On dit souvent que certaines personnes "habitent" leur époque. Lui, il l’éclairait. À travers sa plume, à travers ses chansons, à travers son sourire discret, il a su faire résonner l’écho de quelque chose de plus grand que lui — l’idée d’universalité dans le particulier réunionnais.
36 ans après le pape : une autre visite, une autre stature
Le 2 mai 1989, Jean-Paul II foulait le sol réunionnais. Une visite inédite, marquante, qui avait vu des foules entières se lever à l’aube pour entrevoir la papamobile. Et à ses côtés, il y avait ce jeune évêque, Gilbert Aubry, 38 ans à peine, déjà enraciné fermement dans le cœur des gens.
Cette rencontre, pour beaucoup, fut une révélation : La Réunion, île éloignée, semblait tout à coup exister sur l’échiquier mondial. Et dans cette lumière projetée par Rome, c’est bien Mgr Aubry qui en fut le relais local, conciliateur entre traditions, institutions, et cette population multiculturelle qu’il chérissait tant.

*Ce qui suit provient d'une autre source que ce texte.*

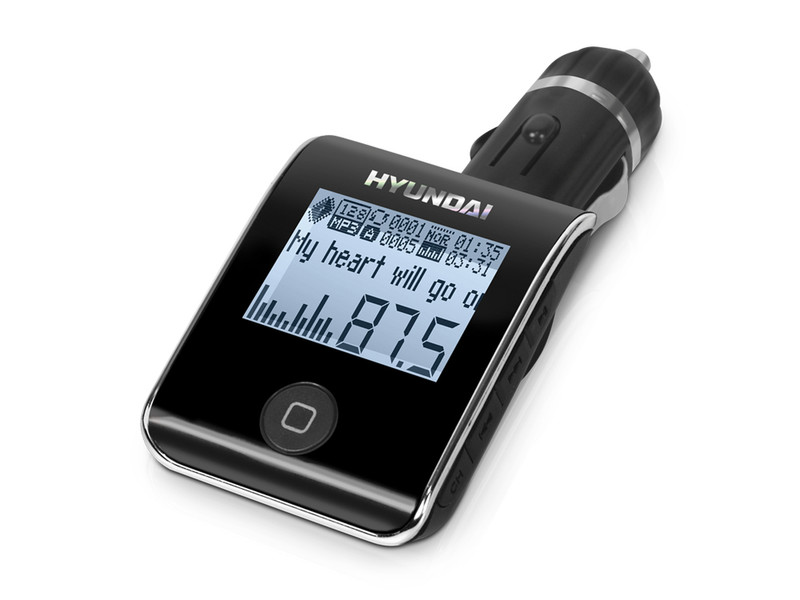 Hyundai H-FMT19BT FM-Transmitter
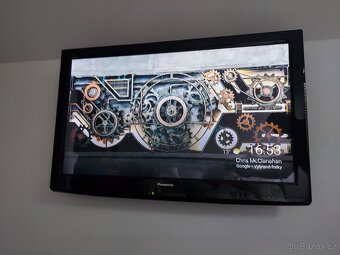 Televize Panasonic Viera 106 cm - 3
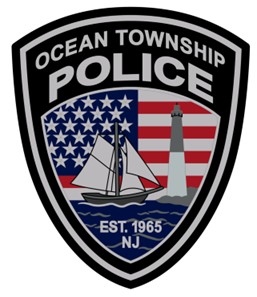 Ocean Township Police Department (Ocean County), NJ Police Jobs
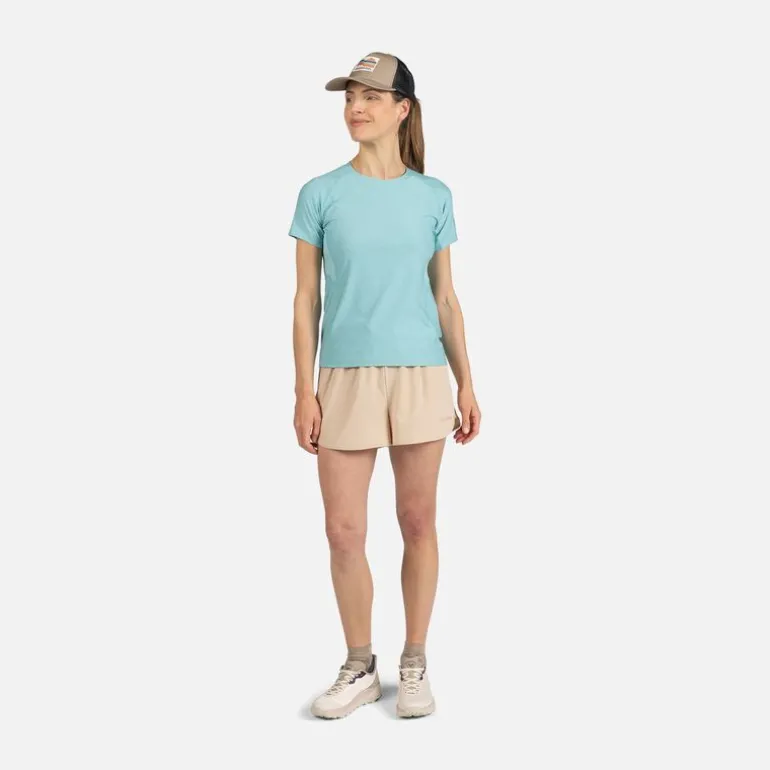 Women's Westweg Tee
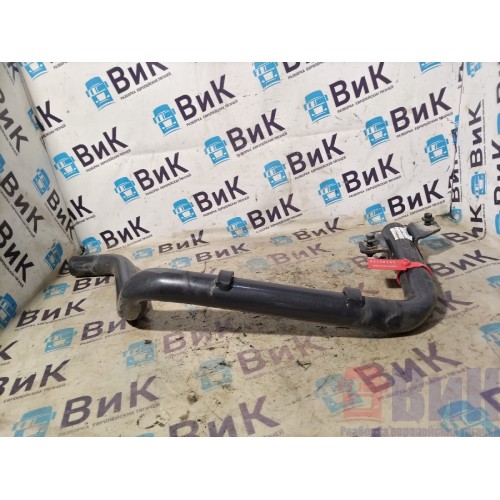 Кронштейн корпуса воздушного фильтра Volvo FH 4 727184 (747)-2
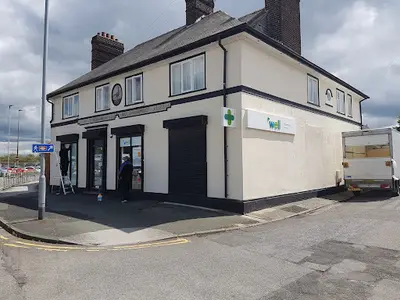 Well Pharmacy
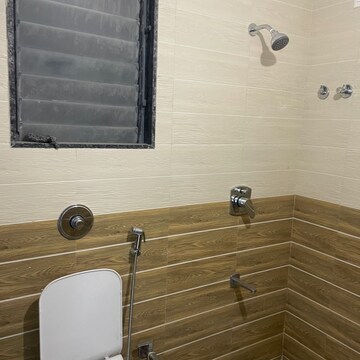 Bathroom in 1 BHK Apartment at Blumen Apartments, Hmpl Surya Nagar – for Sale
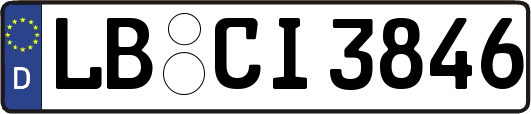 LB-CI3846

C’est donc avec une intensité toute particulière que la statue dévoilée ce 2 juin 2024 s’érige à La Trinité. Non loin du lieu symbolique de cette messe célébrée par le pape il y a presque quatre décennies. Comme un écho dans le temps. Comme si la mémoire ne mourait jamais quand elle est partagée.

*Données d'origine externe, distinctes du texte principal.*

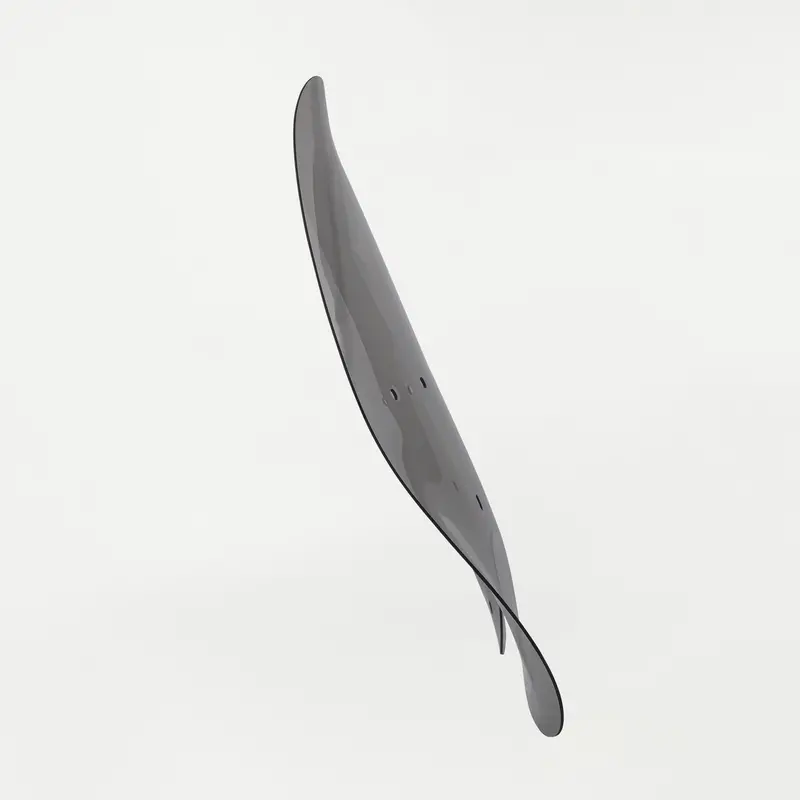 Billboard Flare® Windshield For Harley-Davidson® 5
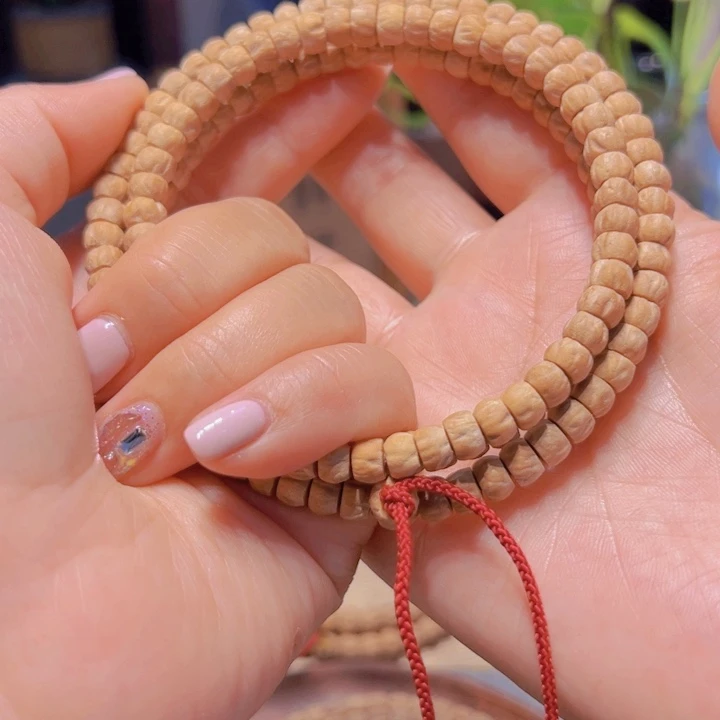 康***！吊坠柏香籽/百香籽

Et vous, étiez-vous déjà là en 1989 ? Avez-vous croisé ce regard bienveillant au détour d’un parvis, d'une cérémonie, ou sur les ondes d’une radio religieuse ? Peut-être avez-vous lu l’un de ses poèmes. Peut-être même, avez-vous chanté "Mizèr lo pov rényoné" sans savoir qu’il en était l’auteur.

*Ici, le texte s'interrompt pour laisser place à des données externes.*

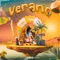 Verano (feat. 2R) - Xavii lyrics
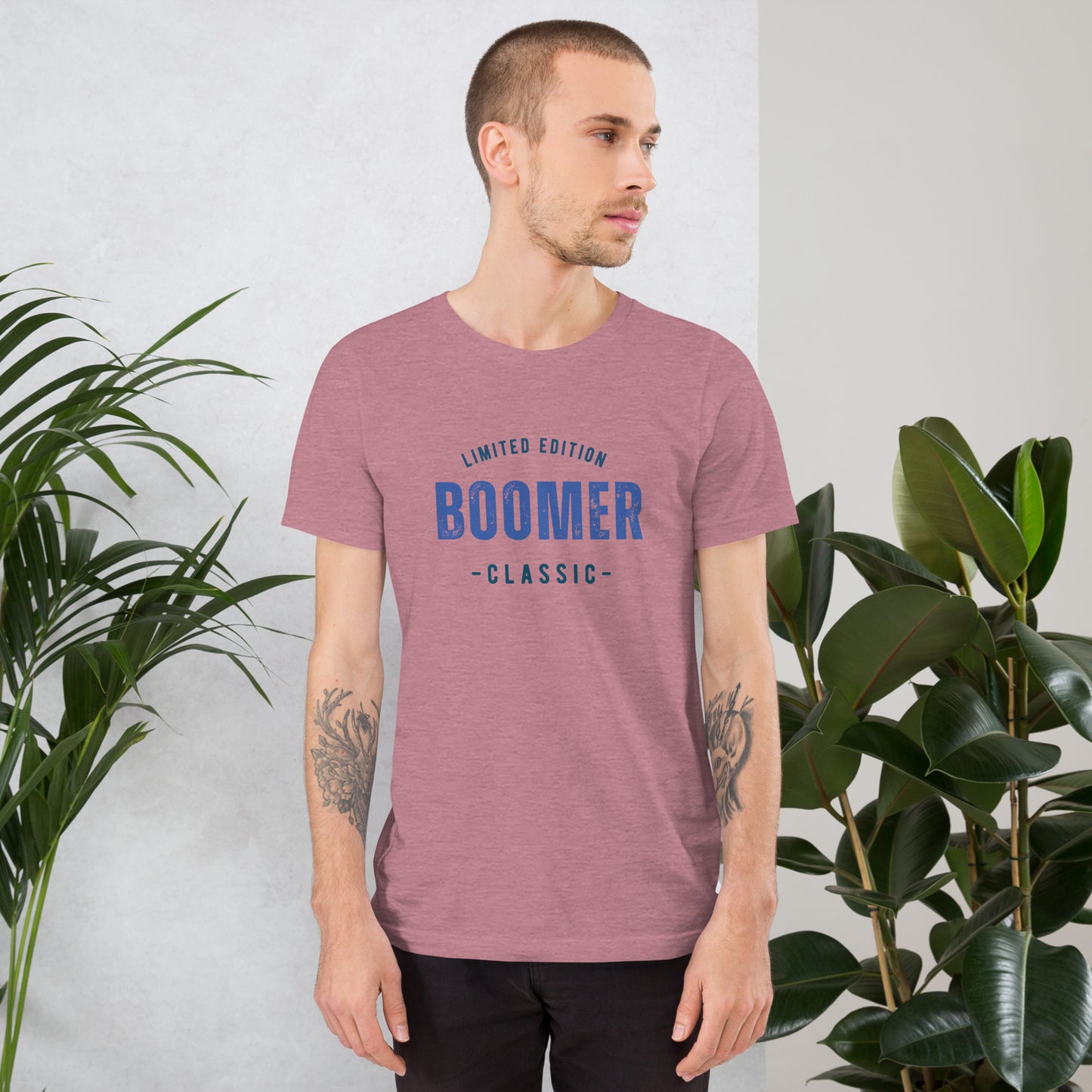 Boomer Classic T-Shirt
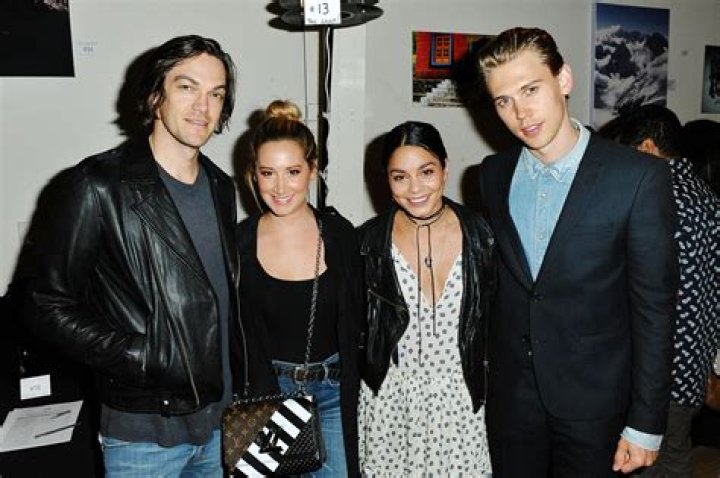 Ashley Tisdale Comments on Austin Butler’s First Instagram Post-Vanessa Hudgens Split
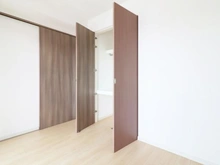 【東京都/江戸川区篠崎町】アデニウム篠崎 洋室：約4.5帖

Ce que nous retenons de ce moment, c’est bien plus qu’une statue de bronze dressée au soleil : c’est le reflet d’un homme qui a marqué son île avec amour et fidélité. Le souvenir de Mgr Gilbert Aubry, ce n’est pas une nostalgie poussiéreuse, c’est un héritage vivant, fait de paroles, de rencontres, de luttes pacifiques et de culture partagée. À travers cette œuvre sculptée, c’est toute La Réunion qui se voit invitée à se regarder dans un miroir : celui d’une identité multiple, ouverte, généreuse, mais surtout, enracinée dans l’humanité. Et vous, que faites-vous pour honorer ceux qui nous ont montré le chemin ? Peut-être que cet hommage est aussi une question posée à chacun d'entre nous.